** DATASET CONTENT **
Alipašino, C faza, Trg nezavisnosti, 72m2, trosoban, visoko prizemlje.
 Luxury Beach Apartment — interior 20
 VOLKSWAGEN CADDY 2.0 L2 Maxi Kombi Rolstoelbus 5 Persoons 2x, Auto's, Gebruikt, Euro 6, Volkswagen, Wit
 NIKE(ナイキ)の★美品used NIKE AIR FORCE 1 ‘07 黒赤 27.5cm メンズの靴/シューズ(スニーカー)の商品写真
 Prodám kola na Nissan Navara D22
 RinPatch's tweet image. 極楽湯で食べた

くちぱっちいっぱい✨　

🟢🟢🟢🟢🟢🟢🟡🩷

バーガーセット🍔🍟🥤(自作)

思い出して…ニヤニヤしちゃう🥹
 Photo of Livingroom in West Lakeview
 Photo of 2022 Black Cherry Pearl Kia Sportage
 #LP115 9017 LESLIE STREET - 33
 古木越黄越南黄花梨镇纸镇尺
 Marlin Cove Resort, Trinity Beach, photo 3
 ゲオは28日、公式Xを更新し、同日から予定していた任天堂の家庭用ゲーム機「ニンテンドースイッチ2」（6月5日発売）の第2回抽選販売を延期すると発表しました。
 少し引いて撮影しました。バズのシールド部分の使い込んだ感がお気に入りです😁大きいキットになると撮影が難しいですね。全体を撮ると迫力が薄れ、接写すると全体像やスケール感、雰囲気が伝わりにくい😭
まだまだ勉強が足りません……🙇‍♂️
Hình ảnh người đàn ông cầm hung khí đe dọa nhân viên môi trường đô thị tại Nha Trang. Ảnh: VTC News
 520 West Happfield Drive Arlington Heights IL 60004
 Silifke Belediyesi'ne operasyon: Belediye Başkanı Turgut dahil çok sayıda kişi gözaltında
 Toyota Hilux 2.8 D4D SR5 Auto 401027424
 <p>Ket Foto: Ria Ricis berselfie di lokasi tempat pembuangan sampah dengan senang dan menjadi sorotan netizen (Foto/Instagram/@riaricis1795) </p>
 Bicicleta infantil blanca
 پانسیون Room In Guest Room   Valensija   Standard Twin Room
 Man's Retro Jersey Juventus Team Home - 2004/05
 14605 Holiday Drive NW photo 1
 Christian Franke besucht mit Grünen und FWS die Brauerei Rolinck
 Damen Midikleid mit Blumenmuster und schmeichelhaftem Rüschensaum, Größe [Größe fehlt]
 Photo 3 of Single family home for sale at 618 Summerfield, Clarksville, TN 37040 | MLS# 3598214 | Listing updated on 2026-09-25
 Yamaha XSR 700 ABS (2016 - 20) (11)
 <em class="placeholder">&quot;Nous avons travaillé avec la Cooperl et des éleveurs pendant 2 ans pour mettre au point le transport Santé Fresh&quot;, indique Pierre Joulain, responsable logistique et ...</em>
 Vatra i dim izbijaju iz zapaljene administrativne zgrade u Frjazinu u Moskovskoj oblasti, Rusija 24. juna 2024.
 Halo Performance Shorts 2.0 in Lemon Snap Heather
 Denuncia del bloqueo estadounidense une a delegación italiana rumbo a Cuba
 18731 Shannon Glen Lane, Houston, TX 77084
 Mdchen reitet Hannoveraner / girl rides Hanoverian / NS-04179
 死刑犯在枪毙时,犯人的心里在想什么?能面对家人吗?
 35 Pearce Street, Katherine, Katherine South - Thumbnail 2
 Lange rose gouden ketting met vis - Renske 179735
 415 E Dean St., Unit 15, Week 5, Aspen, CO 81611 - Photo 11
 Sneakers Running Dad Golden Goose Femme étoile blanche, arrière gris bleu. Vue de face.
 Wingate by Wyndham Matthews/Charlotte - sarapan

** ACTION ITEM **
Every line of the listing should be given again exactly.

** SOLUTION TO THE EXERCISE **
Alipašino, C faza, Trg nezavisnosti, 72m2, trosoban, visoko prizemlje.
 Luxury Beach Apartment — interior 20
 VOLKSWAGEN CADDY 2.0 L2 Maxi Kombi Rolstoelbus 5 Persoons 2x, Auto's, Gebruikt, Euro 6, Volkswagen, Wit
 NIKE(ナイキ)の★美品used NIKE AIR FORCE 1 ‘07 黒赤 27.5cm メンズの靴/シューズ(スニーカー)の商品写真
 Prodám kola na Nissan Navara D22
 RinPatch's tweet image. 極楽湯で食べた

くちぱっちいっぱい✨　

🟢🟢🟢🟢🟢🟢🟡🩷

バーガーセット🍔🍟🥤(自作)

思い出して…ニヤニヤしちゃう🥹
 Photo of Livingroom in West Lakeview
 Photo of 2022 Black Cherry Pearl Kia Sportage
 #LP115 9017 LESLIE STREET - 33
 古木越黄越南黄花梨镇纸镇尺
 Marlin Cove Resort, Trinity Beach, photo 3
 ゲオは28日、公式Xを更新し、同日から予定していた任天堂の家庭用ゲーム機「ニンテンドースイッチ2」（6月5日発売）の第2回抽選販売を延期すると発表しました。
 少し引いて撮影しました。バズのシールド部分の使い込んだ感がお気に入りです😁大きいキットになると撮影が難しいですね。全体を撮ると迫力が薄れ、接写すると全体像やスケール感、雰囲気が伝わりにくい😭
まだまだ勉強が足りません……🙇‍♂️
Hình ảnh người đàn ông cầm hung khí đe dọa nhân viên môi trường đô thị tại Nha Trang. Ảnh: VTC News
 520 West Happfield Drive Arlington Heights IL 60004
 Silifke Belediyesi'ne operasyon: Belediye Başkanı Turgut dahil çok sayıda kişi gözaltında
 Toyota Hilux 2.8 D4D SR5 Auto 401027424
 <p>Ket Foto: Ria Ricis berselfie di lokasi tempat pembuangan sampah dengan senang dan menjadi sorotan netizen (Foto/Instagram/@riaricis1795) </p>
 Bicicleta infantil blanca
 پانسیون Room In Guest Room   Valensija   Standard Twin Room
 Man's Retro Jersey Juventus Team Home - 2004/05
 14605 Holiday Drive NW photo 1
 Christian Franke besucht mit Grünen und FWS die Brauerei Rolinck
 Damen Midikleid mit Blumenmuster und schmeichelhaftem Rüschensaum, Größe [Größe fehlt]
 Photo 3 of Single family home for sale at 618 Summerfield, Clarksville, TN 37040 | MLS# 3598214 | Listing updated on 2026-09-25
 Yamaha XSR 700 ABS (2016 - 20) (11)
 <em class="placeholder">&quot;Nous avons travaillé avec la Cooperl et des éleveurs pendant 2 ans pour mettre au point le transport Santé Fresh&quot;, indique Pierre Joulain, responsable logistique et ...</em>
 Vatra i dim izbijaju iz zapaljene administrativne zgrade u Frjazinu u Moskovskoj oblasti, Rusija 24. juna 2024.
 Halo Performance Shorts 2.0 in Lemon Snap Heather
 Denuncia del bloqueo estadounidense une a delegación italiana rumbo a Cuba
 18731 Shannon Glen Lane, Houston, TX 77084
 Mdchen reitet Hannoveraner / girl rides Hanoverian / NS-04179
 死刑犯在枪毙时,犯人的心里在想什么?能面对家人吗?
 35 Pearce Street, Katherine, Katherine South - Thumbnail 2
 Lange rose gouden ketting met vis - Renske 179735
 415 E Dean St., Unit 15, Week 5, Aspen, CO 81611 - Photo 11
 Sneakers Running Dad Golden Goose Femme étoile blanche, arrière gris bleu. Vue de face.
 Wingate by Wyndham Matthews/Charlotte - sarapan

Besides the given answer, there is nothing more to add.